Das Tagebuch

3.7.23
Zur Theorie und Praxis der ‚Marseillaise‘
Es flogen wieder Pflastersteine und es splitterten die Scheiben,
es brannten wieder dicke Schlitten und es zitterten die Reichen,
es glotzten die Bürger wie immer dämlich von ihren Balkonen ...
da war es aus und vorbei mit Bürgers Ruh,
Die Bullen schlugen wieder zu.

[Dazu spielt das Französische Staatsorchester die französische Nationalhymne – hier halt nur eben auf deutsch.]

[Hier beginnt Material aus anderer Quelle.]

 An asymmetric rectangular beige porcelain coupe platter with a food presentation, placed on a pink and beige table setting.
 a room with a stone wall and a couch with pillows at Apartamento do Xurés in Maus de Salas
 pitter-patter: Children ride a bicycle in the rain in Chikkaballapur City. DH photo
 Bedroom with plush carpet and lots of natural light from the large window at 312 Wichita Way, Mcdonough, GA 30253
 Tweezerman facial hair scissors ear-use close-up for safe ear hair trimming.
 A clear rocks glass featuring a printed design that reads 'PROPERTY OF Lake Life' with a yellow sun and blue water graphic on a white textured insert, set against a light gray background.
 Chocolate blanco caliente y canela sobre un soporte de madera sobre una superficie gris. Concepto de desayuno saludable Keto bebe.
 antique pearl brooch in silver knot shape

„Auf, Kinder des Vaterlandes,
Der Tag des Ruhmes ist gekommen!
Gegen uns ist der Tyrannei
Blutiges Banner erhoben.
Blutiges Banner erhoben.
Hört ihr auf den Feldern
Diese wilden Soldaten brüllen?
Sie kommen bis in eure Arme,
Um euren Söhnen, euren Gefährtinnen
die Kehlen durchzuschneiden.

Zu den Waffen, Bürger,
Formiert eure Truppen,
Marschieren wir, marschieren wir!
Unreines Blut
Tränke unsere Furchen!

[ *) ]

Zittert,
Tyrannen und ihr Niederträchtigen,
Schande aller Parteien,
Zittert!
Eure verruchten Pläne
Werden euch endlich heimgezahlt!
Werden euch endlich heimgezahlt!
Jeder ist Soldat, um euch zu bekämpfen,
Wenn sie fallen, unsere jungen Helden,
Zeugt die Erde neue,
Die bereit sind, gegen euch zu kämpfen.

Zu den Waffen, Bürger …

Wir werden des Lebens Weg weiter beschreiten,
Wenn die Älteren nicht mehr da sein werden,
Wir werden dort ihren Staub
Und ihrer Tugenden Spur finden.
Und ihrer Tugenden Spur finden.
Eher ihren Sarg teilen
Als sie überleben wollend,
Werden wir mit erhabenem Stolz
Sie rächen oder ihnen folgen.

Zu den Waffen, Bürger,
Formiert eure Truppen,
Marschieren wir, marschieren wir!
Unreines Blut
Tränke unsere Furchen!“

Na, was sagen wir denn dazu?
Ouuuuuh! Ja. Jedenfalls nicht so langweilig wie „Brüh im Glahanze“.
Andererseits, 'n bisken viel Patttttthossss, vielleicht. Für meinen Geschmack, oder? Egal.
Gut. Abgesehen davon und davon, dass das Ding über 200 Jahre alt ist, sich seitdem so manches verändert hat, und obwohl die Menge der enttäuschten Hoffnungen wahrlich die der glück­lichen Momente bei weitem überwiegt, und überhaupt davon abgesehen, dass man in zugespitzten Situationen, in Zeiten der Revolte wie diesen, sich nicht immer so gezielt das Nötigste zum Lebensunterhalt zu­sam­menplündern kann und - so gesehen - man schon mal das Falsche erwischt, dass auch schon mal die falsche Hütte, das falsche Auto oder das falsche Pferd Feuer fängt und dass die perma­nente Revo­lution auch mal 'ne Pause bräuchte und dass die Religiö­sen aller Schattierungen, die privat ganz legal glauben und praktizieren dürfen, was, warum und wie sie wollen, trotzdem die ganze Gesell­schaft mit Gewalt ins Mittelalter zurückkatapultieren wollen, und dass die Religionsfreiheit für die überwältigende Mehrheit in erster Linie einfach nur Abstinenz bzw. natürliches Desinteresse an außerirdi­schem Budenzau­ber bedeutet,
also, abgesehen von dem und dem und alledem hat man in Frank­reich zusätzlich das Problem, dass die Mitglieder der jeweils herr­schenden Klasse seit über 200 Jahren immer genau dasselbe Lied vom Untergang anstimmen wie die von ihnen Ausgegrenzten, Unter­drückten und Beleidigten.
Da kann doch irgendwas nicht stimmen!
Fakt ist jedenfalls: Ohne unsre lieben Freunde der Aufklärung, ohne die Froschfresser aus dem Westen, hüppten wir hier doch alle noch immer auf den Bäumen rum. Aber für die Allemannen und ihre sa­genhafte Presse ist Frankreich nur das Land der ewigen Krawalle. Wäre ich Fran­zose, würde ich mir von einem Deutschen aus Erfah­rung schon mal gar nix sagen lassen. Nicht mal von mir.

*) Die Hymne hat noch n paar Strophen mehr, doch das wär wohl für uns etwas zu viel des Guten gewesen. Zumal die Lektüre für Jugend liche unter 16 Jahren auch nicht geeignet ist.